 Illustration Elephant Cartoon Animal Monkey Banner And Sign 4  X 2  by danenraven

* * *

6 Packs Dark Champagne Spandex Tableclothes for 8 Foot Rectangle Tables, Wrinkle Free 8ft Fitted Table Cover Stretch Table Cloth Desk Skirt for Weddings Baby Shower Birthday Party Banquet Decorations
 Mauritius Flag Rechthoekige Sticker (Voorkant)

# What to produce
Above are the entries. Copy exactly the part that opens with the line containing "6 Packs Dark" and closes with the line containing "Mauritius Flag Rechthoekige", and no more.

# Output
6 Packs Dark Champagne Spandex Tableclothes for 8 Foot Rectangle Tables, Wrinkle Free 8ft Fitted Table Cover Stretch Table Cloth Desk Skirt for Weddings Baby Shower Birthday Party Banquet Decorations
 Mauritius Flag Rechthoekige Sticker (Voorkant)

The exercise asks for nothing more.